Analysis: At the Knesset, from ceremony to serious stuff

Before the suicide bomber struck in Tel Aviv, the main concern of the 120 MKs who came to the Knesset to be sworn in on Monday afternoon was how to get lunch in a parliament building that had been emptied of food for Pessah. Red carpets were rolled out, flowered lapels were distributed and trumpets were readied. But once word got out about the attack, all the pomp and circumstance seemed out of place and the new MKs were left wondering why the ring of intense security around the Knesset could not have been sent instead to the old Tel Aviv bus station. The attack was a painful reminder that when all the festivities are over and done, there is a country to run and there are many challenges ahead. For the past six months, the politicians have focused on political horse-trading, but now it's time for them to leave the stables and get to work.

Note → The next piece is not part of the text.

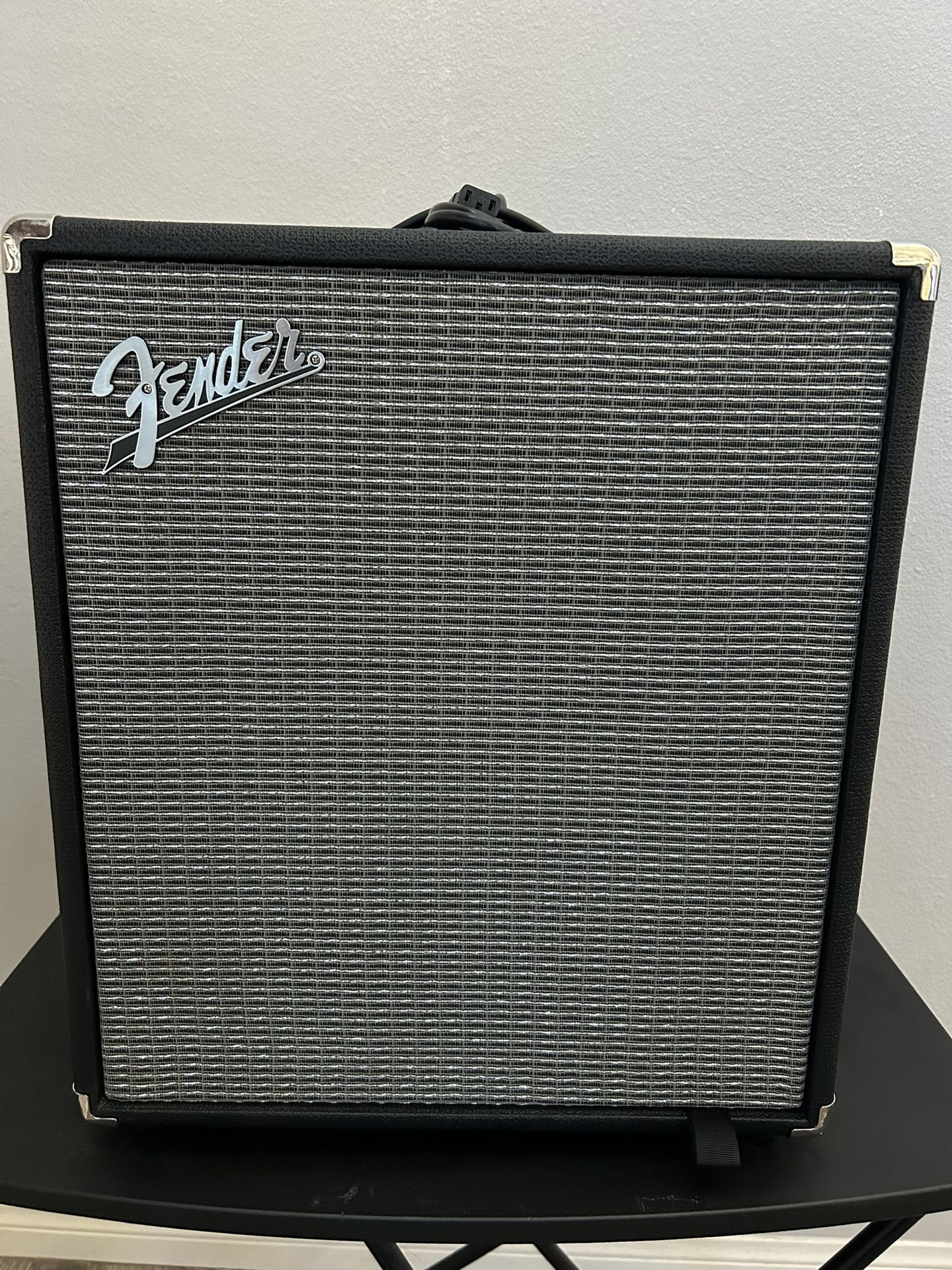 FENDER GUITAR AMP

Interim Prime Minister Ehud Olmert opened Kadima's faction meeting by suggesting that the teenager who blew himself up in Tel Aviv purposely deliberately carried out the attack on inauguration day to spoil it. But chances are the terrorist had no idea whether Israel Beiteinu's Stas Meseznikov would become an MK today or yesterday. "We planned to open the first sessions of the Knesset and the faction in a better mood," Olmert told the Kadima MKs in a giant understatement. The attack will serve as Olmert's first test since the election. When "Sergeant" Olmert told the Kadima MKs that Israel "would know how to respond" to the attack, it sounded less convincing than when the same words were uttered by a general and war hero like Sharon. Sharon might have done the dirty work of forming Kadima that ensured Olmert's election but he left behind the unenviable tasks of handling a Hamas-led Palestinian Authority, a nuclear Iran and an army of suicide bombers ready to strike. With such tasks ahead, the coalition talks at Ramat Gan's Kfar Hamaccabiah Hotel that continue to move at a turtle's pace have become more and more extraneous. How can politicians talk about blowing up the negotiations over insignificant issues when terrorists are blowing themselves up at felafel stands? Just as the Knesset shifted from ceremony to serious stuff at a moment's notice on Monday, the country is ready for its newly elected officials to stop celebrating and start governing. They won their free lunches and now it is time for them to start earning them.